Cart: Miyu Saraki, Kairi Jyo, Sakura Ando, Lily Franky, Mayu Matruoka, Kirin Kiki
Director: Hirokazu Kore-Eda
Rating: * * * *
The poor are always with us. Living on the fringes. Beyond the pale. Like Germany, post-war Japan has bounced back to great wealth and the highest standards of living, but failed to ameliorate the pitiable conditions of the poor as writer-director Hirokazu Kore-Eda’s family drama shows.
Hirokazu is only telling us a celluloid story, but what a grim and gritty narrative it is! Illuminated by the threads of tenacity, of love and hope, life in all its vicissitudes is exposed through the memorable characters that comprise the titular Tokyo inhabitants who survive by their wits and thieving.
Master story-teller that he is, director-writer Hirokazu takes his time – and the viewers will not be bored by the pace – to establish plot and character. A poverty stricken couple Osamu and Nobuyo (Lily Franky and Sakuro Ando, both impressive) “rescues” a little girl from well-off, abusive parents and lavish her with loving-kindness.

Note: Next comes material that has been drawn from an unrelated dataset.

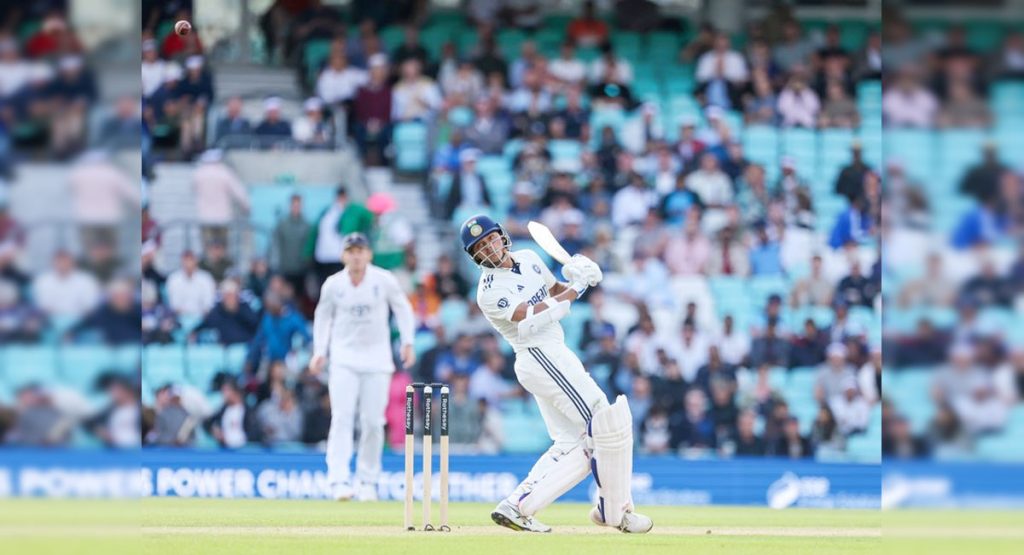 IndVsEng Test Series: जयस्वालचे अर्धशतक, सिराज आणि प्रसिद्धच्या चौकारांमुळे भारत इंग्लंडपेक्षा थोडी पुढे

They live in a hovel in a joint family which includes a boy who is wise beyond his years, a young, pretty thing named Aki (Mayu Matsuoka) and her grandmother (Kirin Kiki). The child Yuri (Miyu Sasaki) is soon introduced to the benefits of shoplifting and begging. Then the boy Shota (Kairi Jyo) gets arrested, and the backstory of murky secrets spills out.
Crimes of passion. Sex work. Theft. Lying. Cheating. Deception. But through it all, COMPASSION. No, the adults in this faux family aren’t monsters who mutilate abducted children. They are kind and loving and resourceful, and teach the young ones to enjoy the little they have. “Shoplifters” is heart-warming and heartbreaking.